At the root of most of these ‘interfacing’ problems is the fact that databases do not ascribe meaning to any piece of information you enter into it. The database does not recognise words or numbers or dates: when you enter data into a table, all the database understands is that a field contains a value which consists of a collection of characters organised in a particular order (something that is known as a ‘string’). When two strings are identical, such as might occur with the values appearing in the Surname field of a ‘Person’ table across two records, then the database understands that these two pieces of data are the same and have the same meaning. If two strings are not identical, then the database does not recognise them as meaning the same – even if to the historian it is clear that ‘Jno’, ‘John’ and ‘Johan~’ are all ways of representing the same piece of information.

For example (image F1i), when running a query in a database containing the names of members of a London Livery Company from the sixteenth to twentieth centuries, one would be able to search for everyone named John Smith:[1]

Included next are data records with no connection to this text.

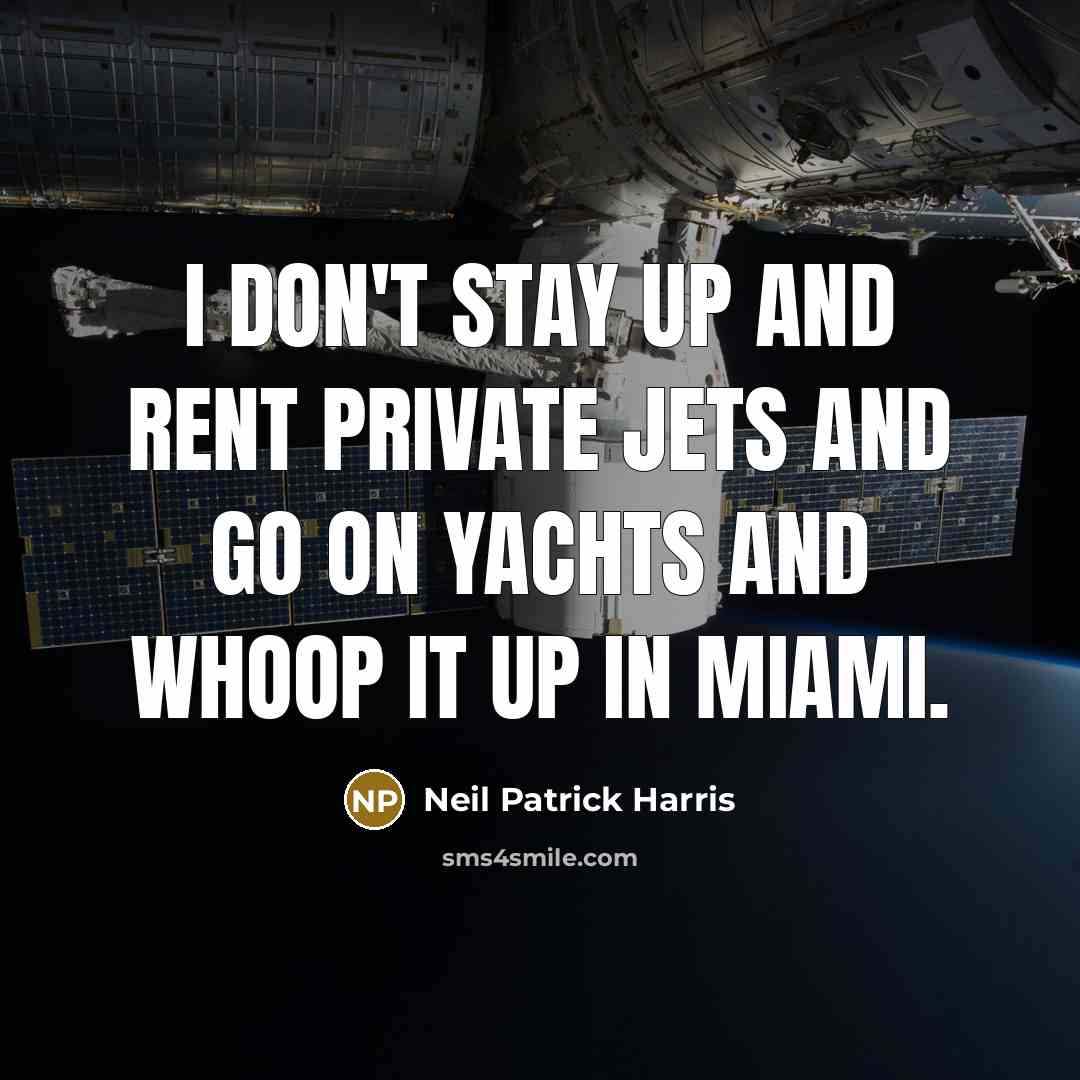 “I don't stay up and rent private jets and go…” quote by Neil Patrick Harris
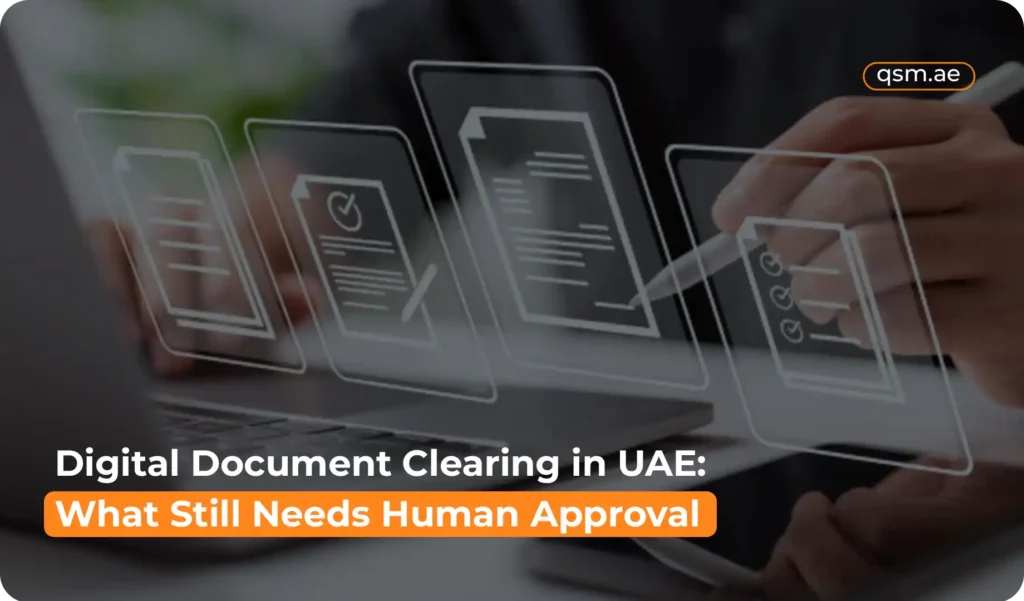 QSM consultant reviews documents requiring manual approval in UAE digital clearing process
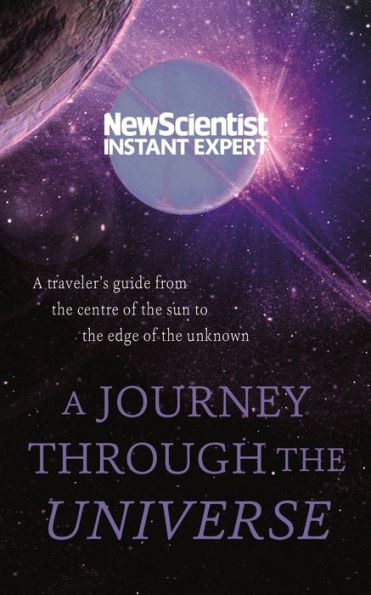 A Journey Through The Universe:: A traveler's guide from the center of the sun to the edge of the unknown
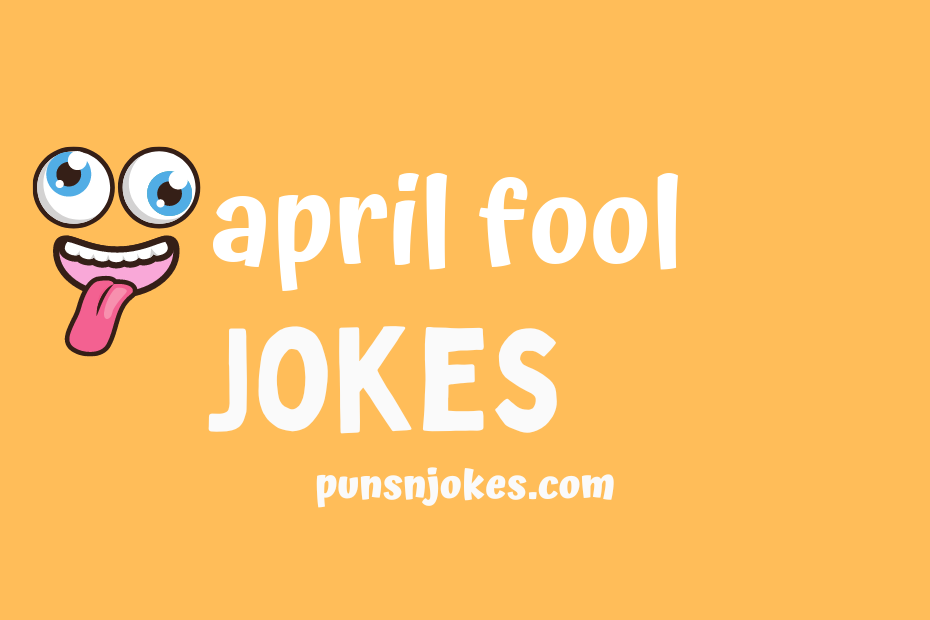 funny april fool jokes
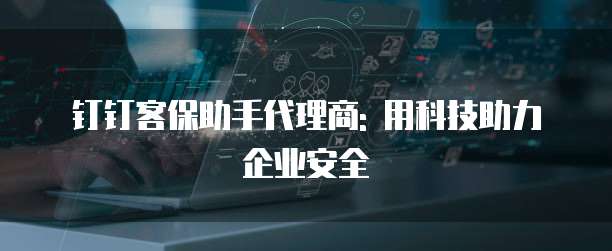 钉钉客保助手代理商: 用科技助力企业安全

F1i – Query results of a search for individuals called John Smith (using standardised form of name)

As we see, there are 275 individuals called John Smith in the database. We only know this, however, because we chose to run the query using criteria in Sname field – the fields which contain the surname of individuals – and the StdFname field – the field which contains the standardised version of the forename. If we ran the same query using the criteria “John” and “Smith” using the non-standardised version of the forename (in the field Fname), we would retrieve a smaller number of records:

F1ii – Query results of a search for individuals called John Smith (using non-standardised form of name)

This time only 169 records are retrieved. The difference between the two sets of results arises from the variant spelling of the forename ‘John’ (which can be seen in the first image). When searched for ‘John’ in the standardised field, everyone called John had the same value; when we searched in the non-standardised field where the original spelling of the name had been entered, the record for anyone whose name was not spelt exactly as “JOHN” was missed by the query. Whilst the historian knows that all the variant spellings in effect mean the same thing, the database cannot recognise this so long as the strings are not identical. Thus, in order for our queries and analyses to be performed accurately by the database, we have to make sure that data which means the same thing can be identified by the database as meaning the same thing.[2]

[1] For detailed guidance on how to run queries in databases, please sign up to our face to face Database courses.

[2] The problem of non-identical strings not being recognised as meaning the same thing acting as an impediment to the running of queries can be mitigated to some extent through the use of various querying tools, but even then the problem can still lead to inaccurate query results.